> Exercise objective: An exact reproduction of all the data is needed, with no images in it.

> Source data:
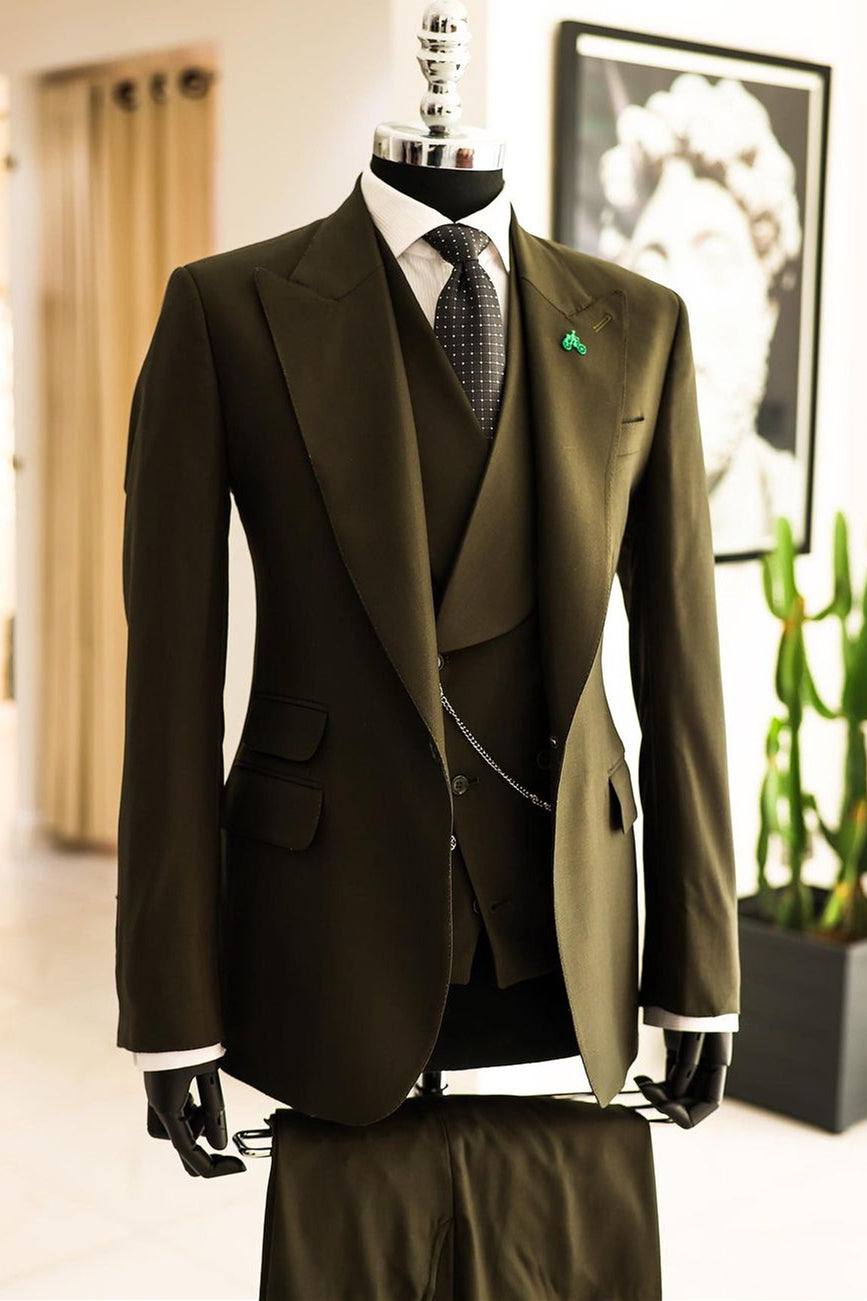 Close Fitting Olive Green Peaked Lapel 3 Piece Men Suits Secondary image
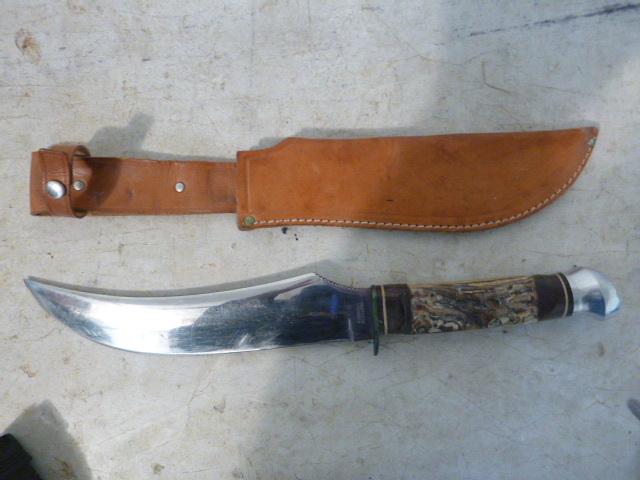 lot 117 image: Collectors Knife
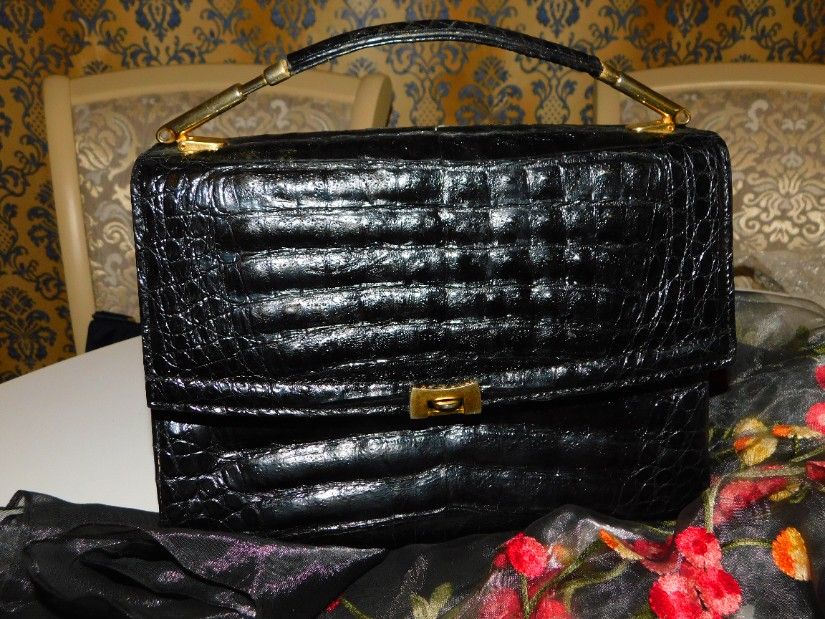 Poseta vintage crocodil Perez Spania,esarfa noua, brodata, cadou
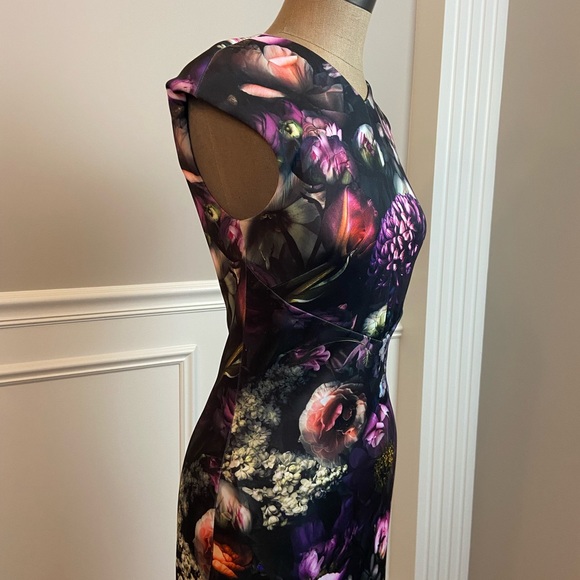 Ted Baker RAISIE shadow floral sheath dress, Ted size 2 ( US size 6 ) - Picture 7 of 16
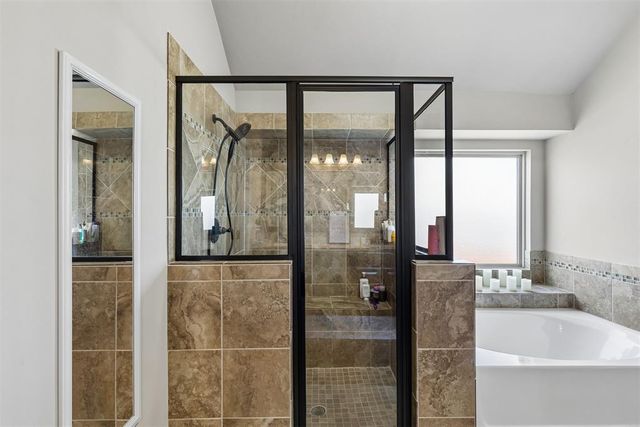 15925 Burkett Circle, Edmond, OK 73013
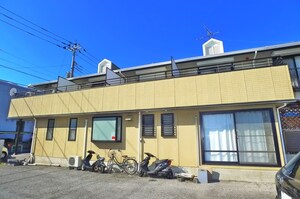 シャトレー保塚外観写真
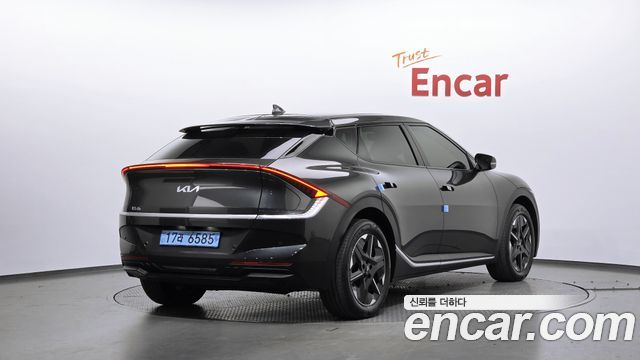 Kia EV6 2025 — photo 2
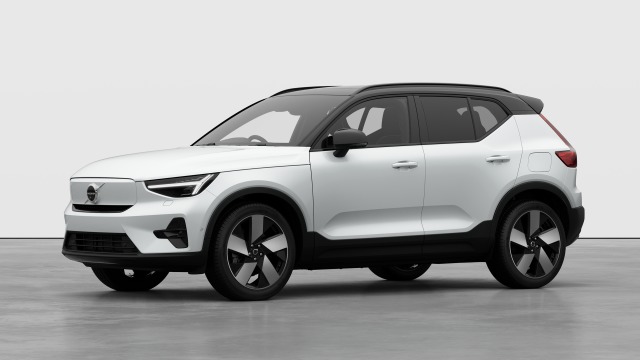 Volvo Ex40 Twin Motor | 408 hp/300 kW SUV Electric Crystal White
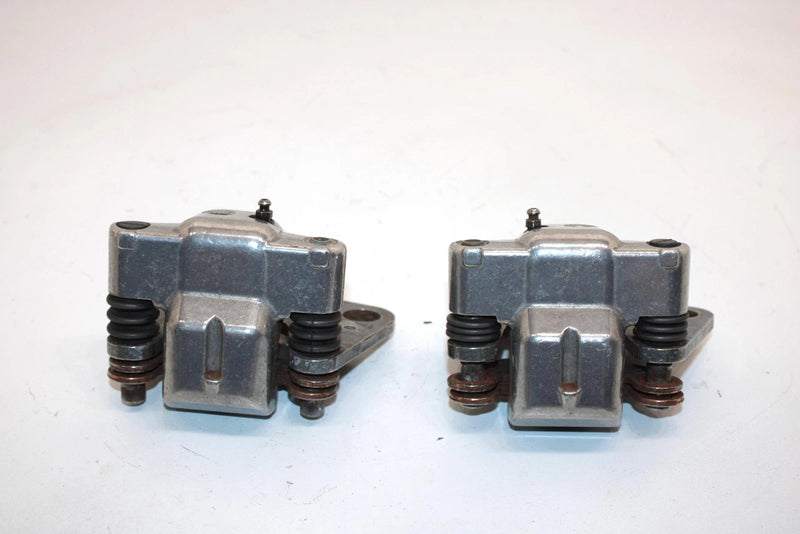 04 Polaris Sportsman 500 Oem Front Brake Caliper Set 1910681 1910682 Q5398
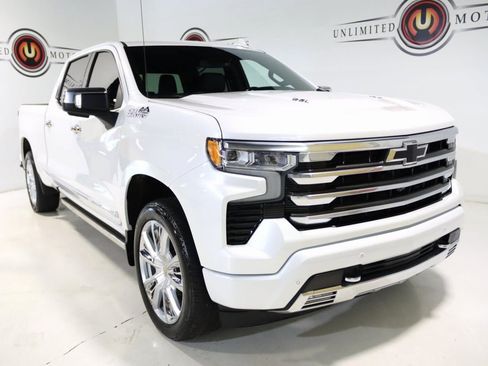 Used 2023 Chevrolet Silverado 1500 High Country image 26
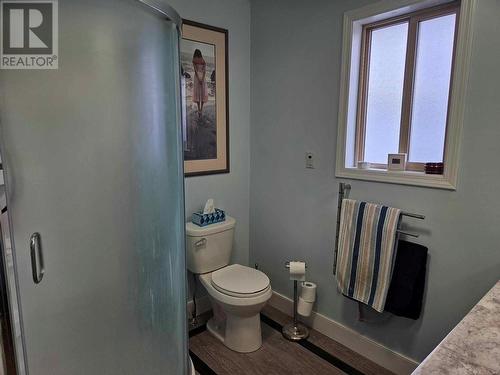 4357 Eagle Bay Road, Eagle Bay, BC - Indoor Photo Showing Bathroom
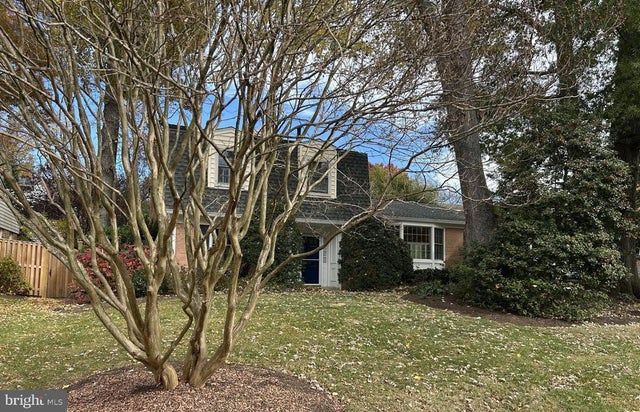 8703 Yarmouth Ct, Potomac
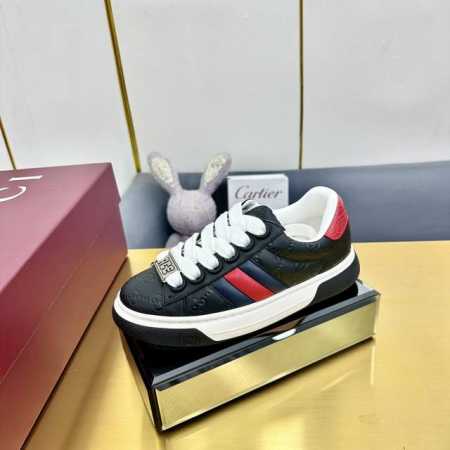 顶级版本 GuCci 最新2024早秋经典ACe系列厚底面包鞋红绿织带P r o情侶休闲鞋G G运动板鞋顶级高端品质原版购入开发，匠心打造 面 料：进口丝绸牛皮 - 点击图像关闭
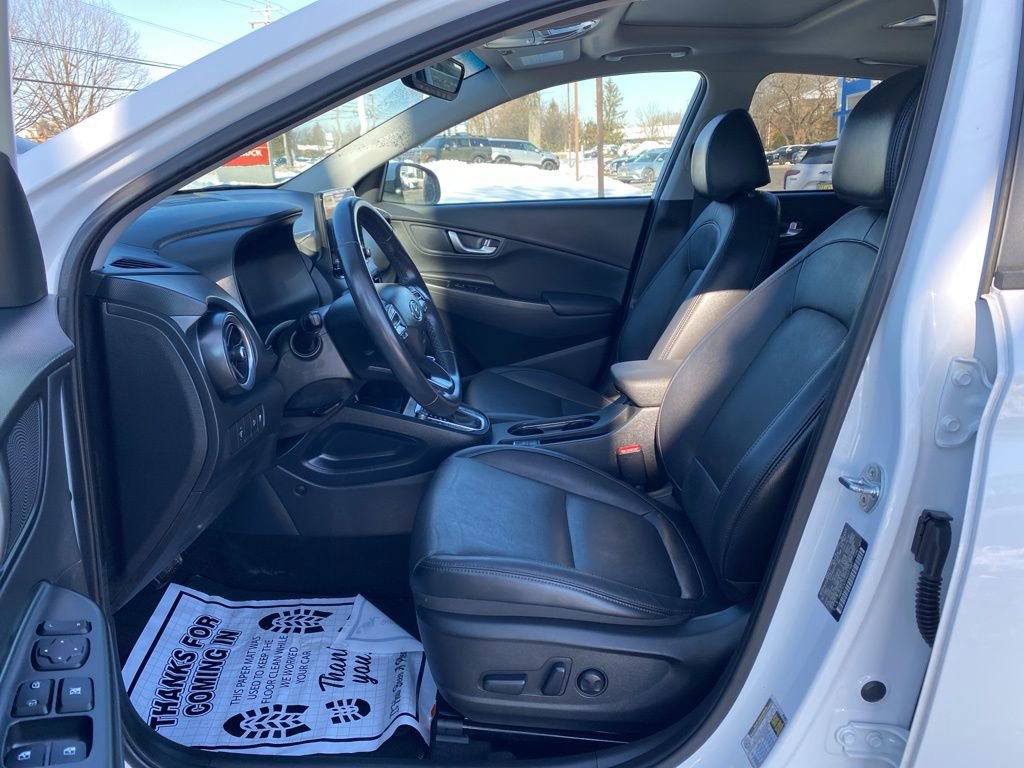 Certified 2022 Hyundai Kona Limited image 11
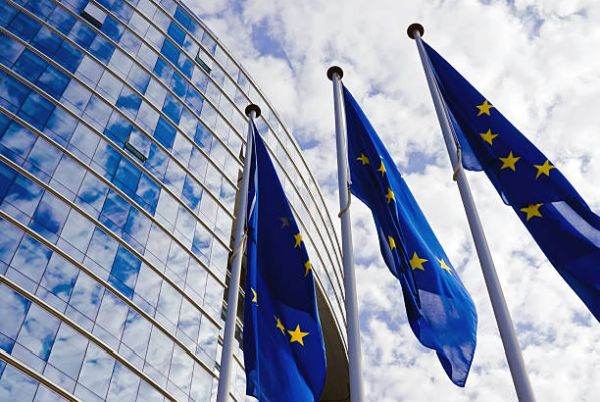 Comisia Europeană prognozează că inflaţia în zona euro va coborî sub ţinta BCE în 2023
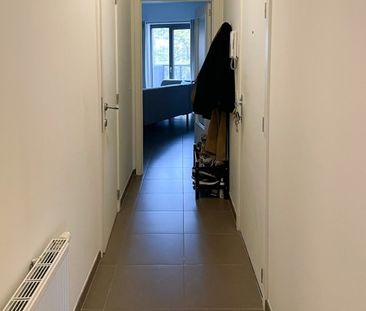 Perfect gelegen, recent appartement met twee slaapkamers - Photo 6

> Answer to the problem:
 Close Fitting Olive Green Peaked Lapel 3 Piece Men Suits Secondary image
 lot 117 image: Collectors Knife
 Poseta vintage crocodil Perez Spania,esarfa noua, brodata, cadou
 Ted Baker RAISIE shadow floral sheath dress, Ted size 2 ( US size 6 ) - Picture 7 of 16
 15925 Burkett Circle, Edmond, OK 73013
 シャトレー保塚外観写真
 Kia EV6 2025 — photo 2
 Volvo Ex40 Twin Motor | 408 hp/300 kW SUV Electric Crystal White
 04 Polaris Sportsman 500 Oem Front Brake Caliper Set 1910681 1910682 Q5398
 Used 2023 Chevrolet Silverado 1500 High Country image 26
 4357 Eagle Bay Road, Eagle Bay, BC - Indoor Photo Showing Bathroom
 8703 Yarmouth Ct, Potomac
 顶级版本 GuCci 最新2024早秋经典ACe系列厚底面包鞋红绿织带P r o情侶休闲鞋G G运动板鞋顶级高端品质原版购入开发，匠心打造 面 料：进口丝绸牛皮 - 点击图像关闭
 Certified 2022 Hyundai Kona Limited image 11
 Comisia Europeană prognozează că inflaţia în zona euro va coborî sub ţinta BCE în 2023
 Perfect gelegen, recent appartement met twee slaapkamers - Photo 6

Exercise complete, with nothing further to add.